What Dr. Spelke is really doing, he said, is what Descartes, Kant and Locke tried to do. “She is trying to identify the bedrock categories of human knowledge. She is asking, ‘What is number, space, agency, and how does knowledge in each category develop from its minimal state?’ ”


Dr. Spelke studies babies not because they’re cute but because they’re root. “I’ve always been fascinated by questions about human cognition and the organization of the human mind,” she said, “and why we’re good at some tasks and bad at others.”

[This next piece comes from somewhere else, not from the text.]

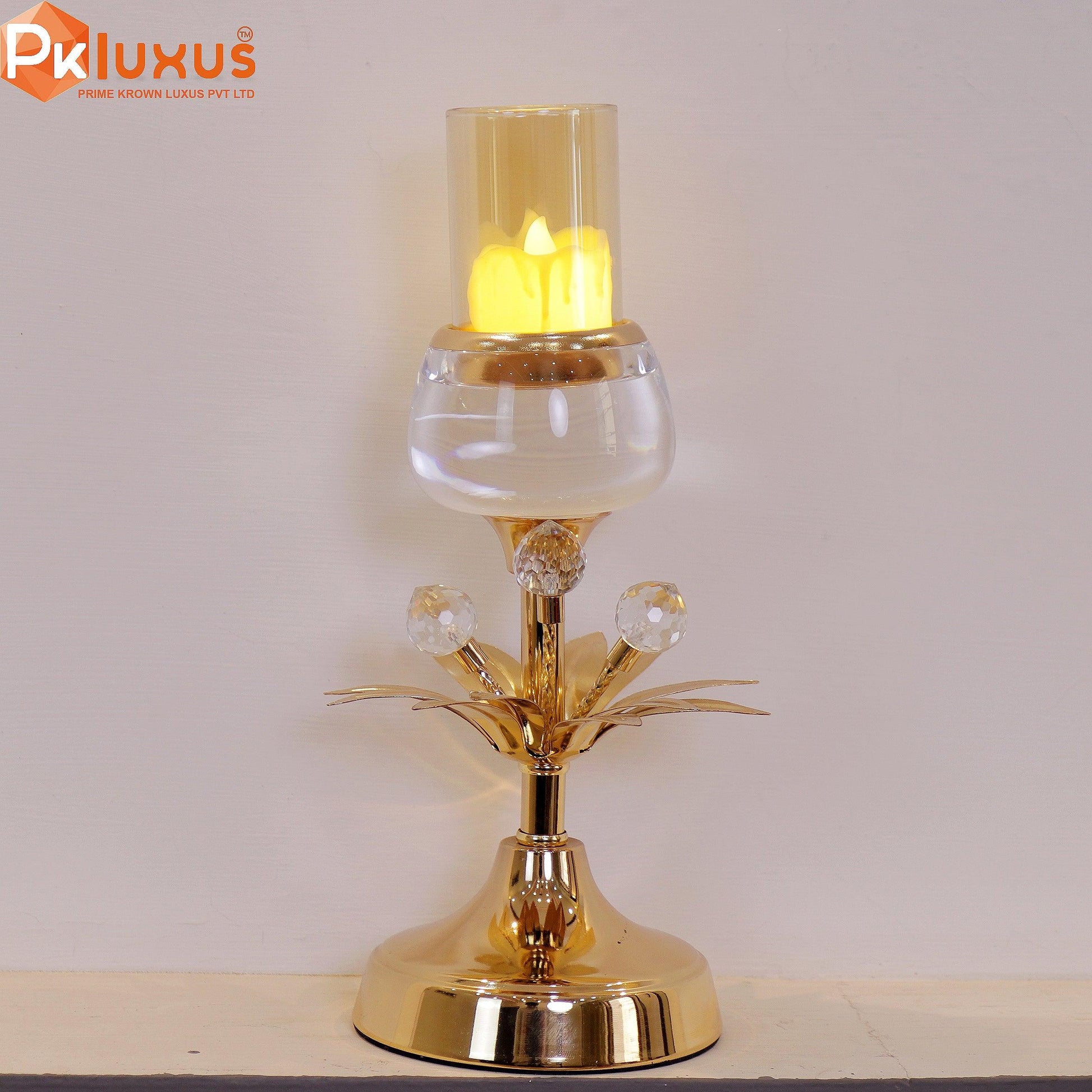 Gold Candle Stand with Crystals | PK LUXUS™ - PK LUXUS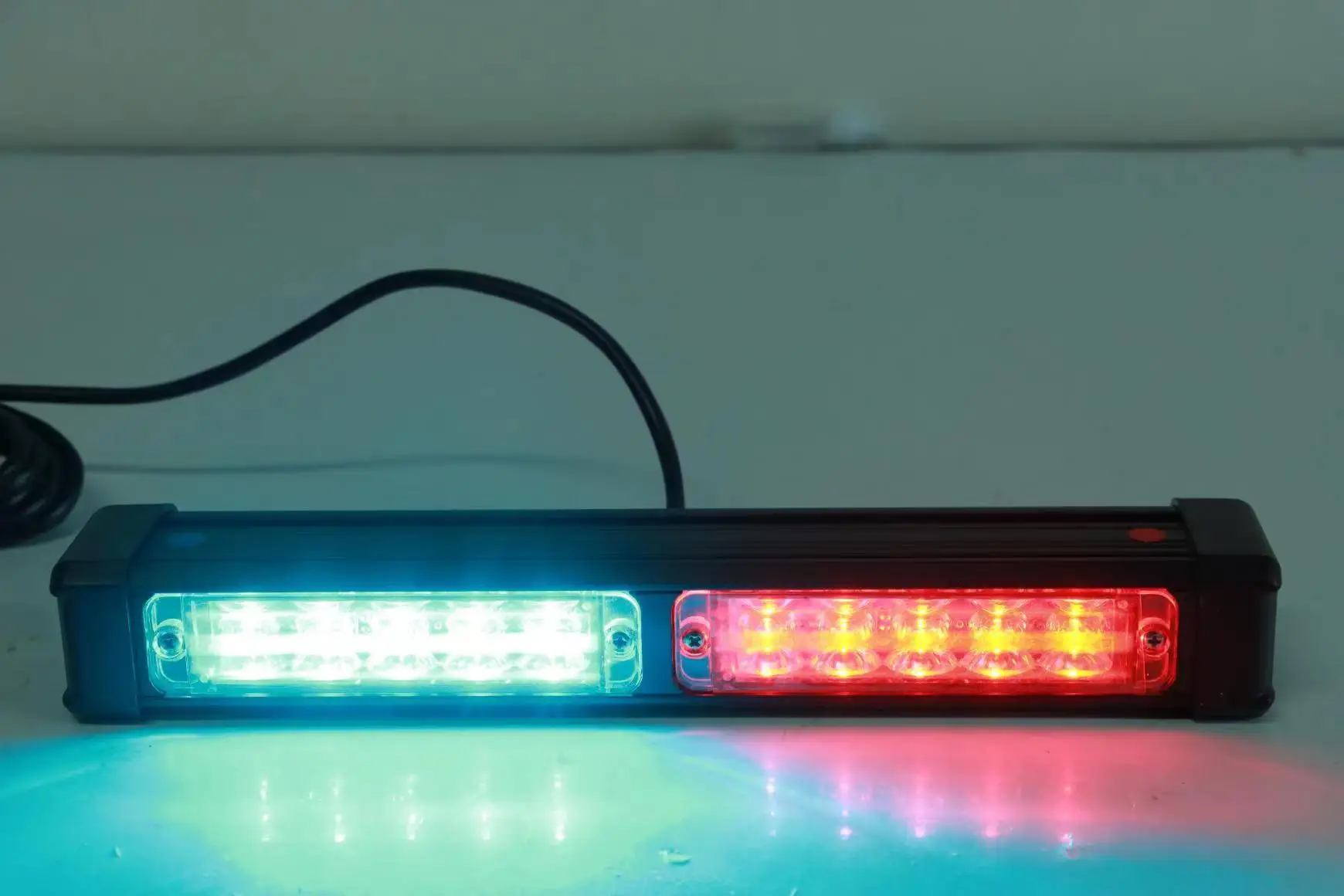 Luces LED de emergencia para coche, barra de luz estroboscópica de advertencia con soporte para ambulancia policial, resistente al agua, 27cm, 10LED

But the adult mind is far too complicated, Dr. Spelke said, “too stuffed full of facts” to make sense of it. In her view, the best way to determine what, if anything, humans are born knowing, is to go straight to the source, and consult the recently born.


Decoding Infants’ Gaze


Dr. Spelke is a pioneer in the use of the infant gaze as a key to the infant mind — that is, identifying the inherent expectations of babies as young as a week or two by measuring how long they stare at a scene in which those presumptions are upended or unmet. “More than any scientist I know, Liz combines theoretical acumen with experimental genius,” Dr. Carey said. Nancy Kanwisher, a neuroscientist at M.I.T., put it this way: “Liz developed the infant gaze idea into a powerful experimental paradigm that radically changed our view of infant cognition.”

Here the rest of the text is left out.